Walker was found to have violated the antifraud provision of Section (206)2 of the Investment Advisers Act of 1940, the SEC said. The commission ordered him to pay a $10,000 civil penalty and Walker can’t participate on behalf of a government entity to select or retain investment advisers or broker-dealers. He is also barred under the settlement from having any involvement with managing public pensions or making investment recommendations and from selecting underwriters or municipal advisers for any offering of municipal securities.

The Dale Walker case is similar to the 2009 Henry Morris case, said Paul Maco, a securities lawyer who is of counsel at Bracewell.

“The SEC has from time to time pursued charges against municipal officials and people in the financial services industry under the Investment Advisers Act in addition to the more common disclosure based charges,” Maco said.

That case involved the New York State pension fund and whether investment firms paid friends and relatives of former State Comptroller Alan Hevesi in exchange for business.

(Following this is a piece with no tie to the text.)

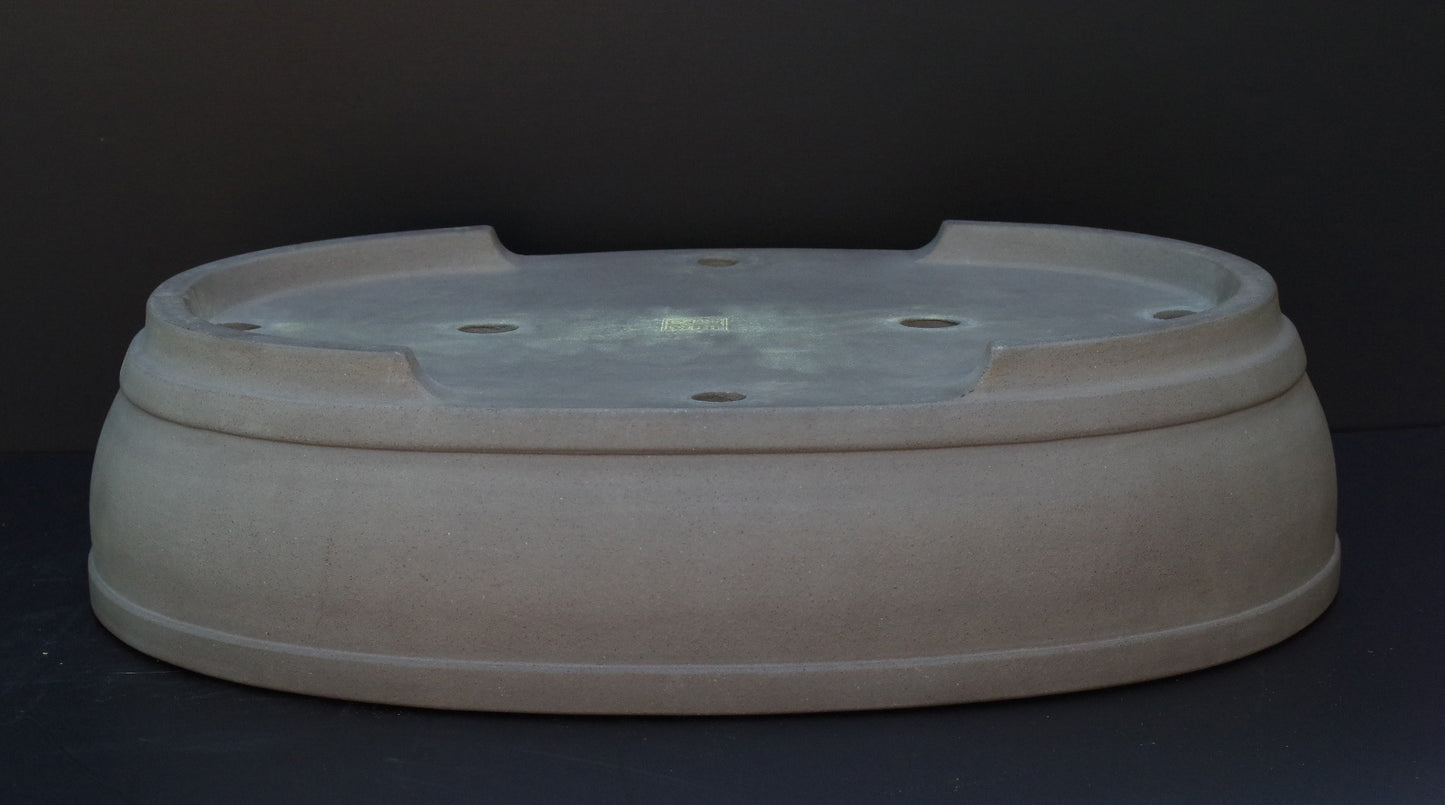Bonsai Pot Tokoname Keizan -en Unglazed Oval Deep Width 64 cm /25.2 in.Extra Large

Morris was one of Hevesi's top advisers, and was eventually found to have violated the Investment Advisors Act as well as securities laws by participating in a scheme to extract kickbacks from firms seeking the pension fund's business.

In recent years, the SEC has focused strongly focus on investment advisers mostly out of concern for elderly abuse, Maco said.

“Rather than a focus on municipal issuers per se, they (SEC) have a constant focus on the municipal market, but they also have a strong focus on investment advisers as well,” Maco said. “Presumably that’s where this came up.”